Ao misturar realidade e ficção, o primeiro filme do jovem diretor francês Elie Grappe trabalha para trazer força a uma história real a partir de elementos ficcionais. O centro dessa construção narrativa é Olga (a ginasta ucraniana Anastasia Budiashkina), uma campeã olímpica em treinamento e cidadã de um lugar que busca uma revolução. Aos 15 anos, ela é um prodígio ostentado por um país cujo governo é o objeto de oposição do ofício de sua mãe (Tanya Mikhina), jornalista que reporta as corrupções de Yanukóvytch e milita pela sua deposição. As duas estão na mira da perseguição violenta do governo – numa demonstração fortíssima da capacidade de direção de Grappe que impacta os primeiros minutos do filme -, então, Olga vai para a Suíça, país de seu falecido pai, para continuar desenvolvendo suas ambições esportivas na ginástica a salvo.
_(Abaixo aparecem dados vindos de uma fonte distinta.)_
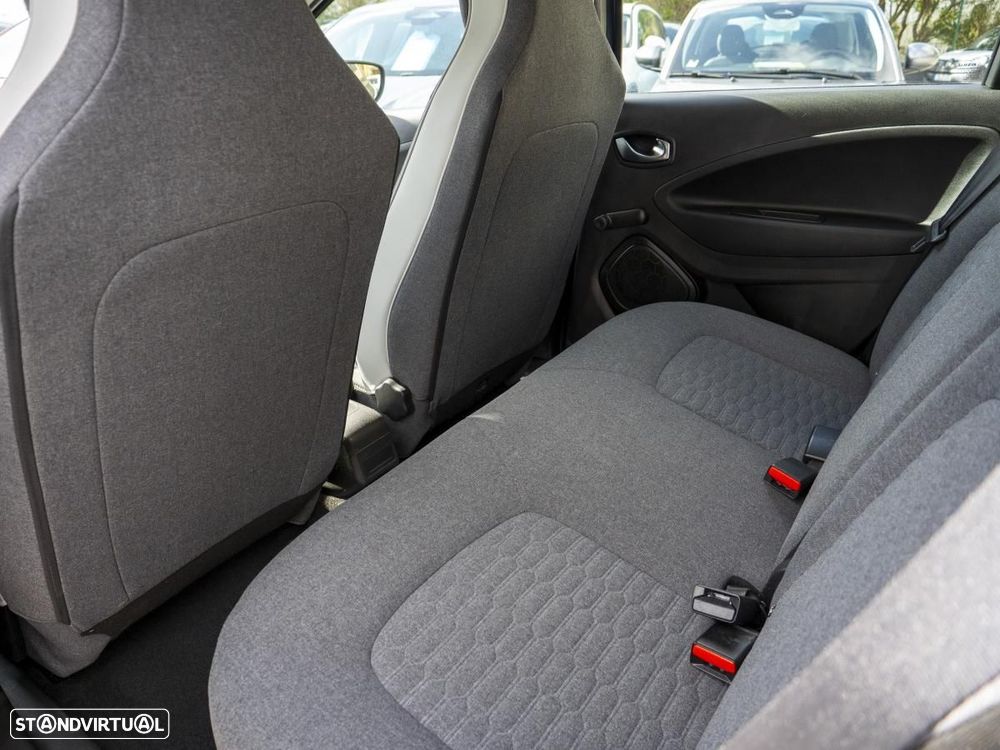 Renault Zoe (c/ Bateria) EV50 110hp Evolution - 24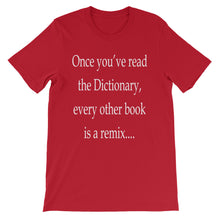 The Dictionary t-shirt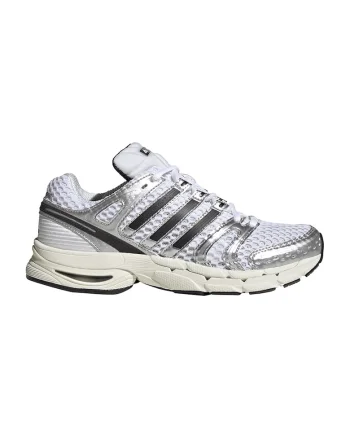 Pantofi sport AdiStar Control 5 demi-wedge, Alb/Argintiu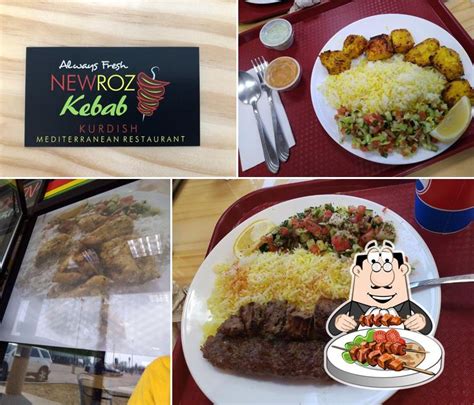 Newroz Kebab In Moorhead Restaurant Menu And Reviews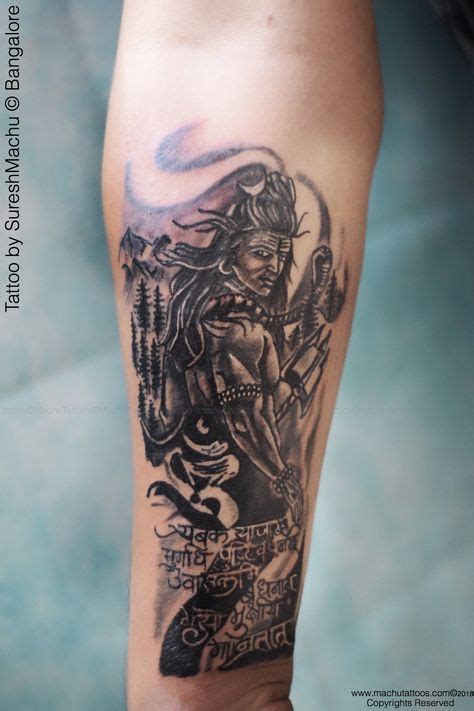 18 Bholenath tattoo ideas | bholenath tattoo, shiva tattoo design, shiva tattoo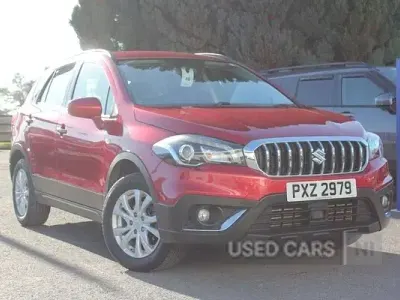 Begagnad Suzuki SX4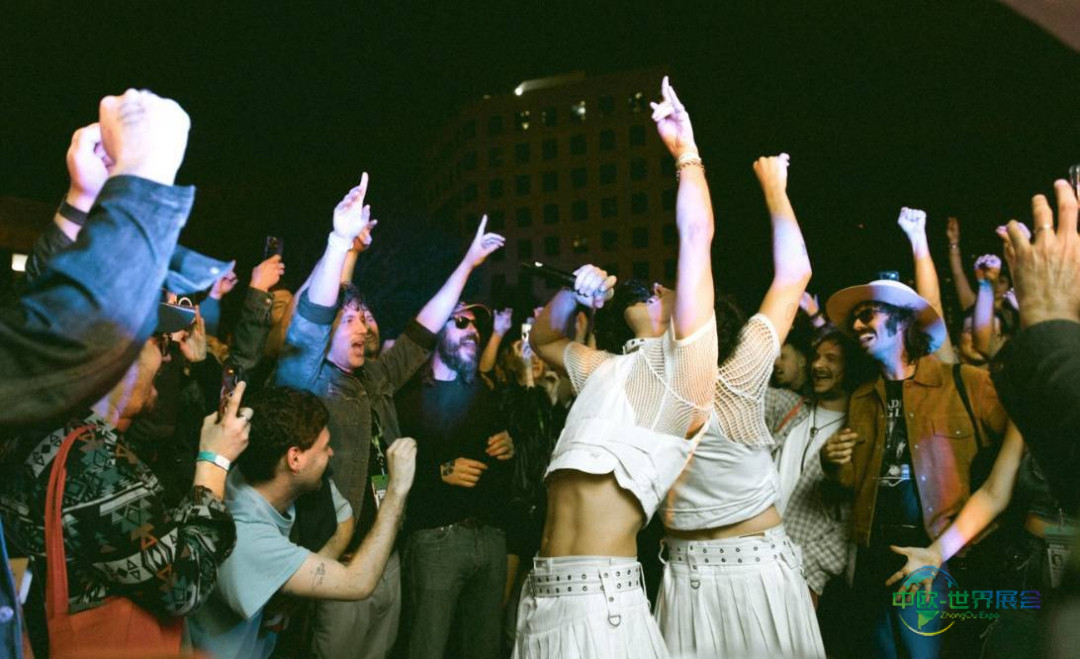 2026年美国奥斯汀国际西南偏南科技展览会：展示不同的音乐风格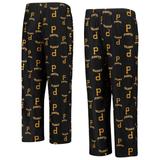 Youth Black Pittsburgh Pirates Team Color Pants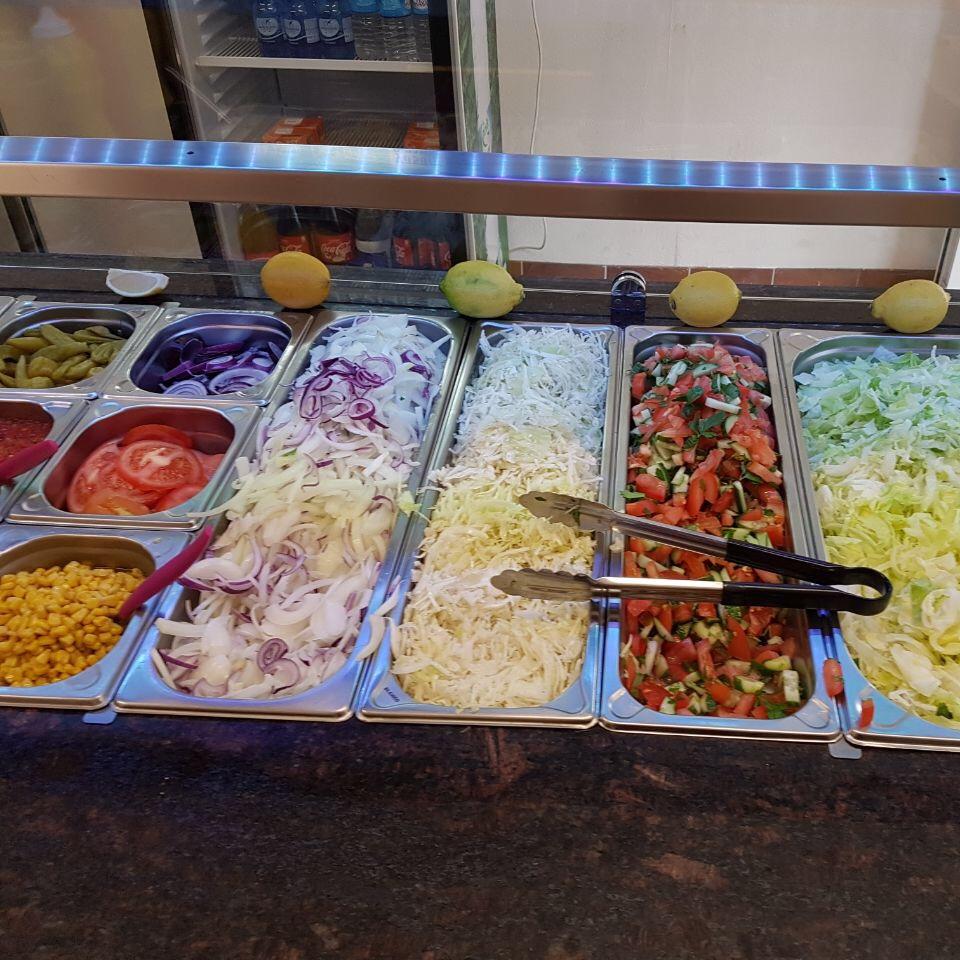 Restaurant "ADA Grill" in Jüchen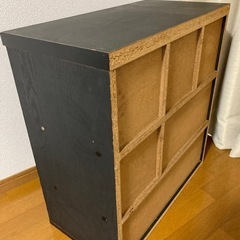 【美品】高級感のある多目的タンスの画像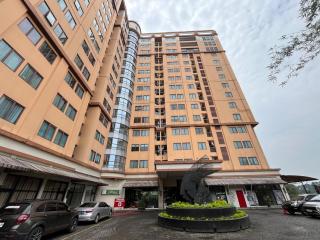 New and Fresh Look City View 2BR - Bandung - 5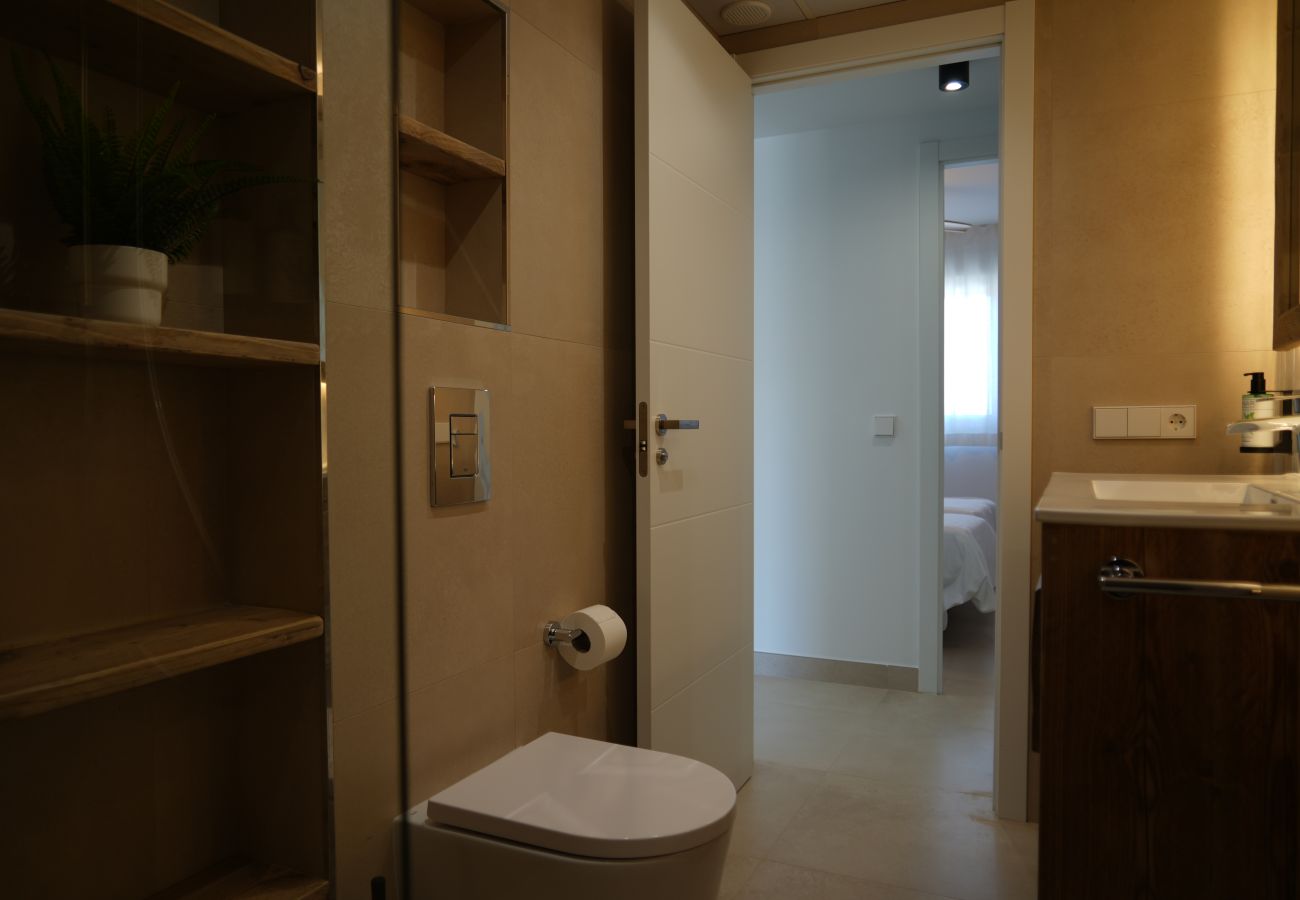 Apartment in Calpe / Calp - PARAISOMAR - *311A PREMIUM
Enquanto Olga inicia seus treinamentos para a seleção nacional na Suíça, sua casa se incendeia na Ucrânia. Entre as suas aspirações individuais e os conflitos de sua pátria, o crescimento da protagonista exilada é intenso, doído e urgente, impulsionado pelo roteiro de Ellie Grape e de Raphaëlle Desplechin, que são típicos treinadores rígidos. E é fato que Anastasia Budiashkina conhece bem a frieza exigida de atletas de alto rendimento, mas, em sua primeira atuação, ela surpreende é na maneira como compreende os sentimentos à flor da pele da personagem, que tem um mundo em revolução dentro de si, mas não pode tomar parte nesse revolucionar.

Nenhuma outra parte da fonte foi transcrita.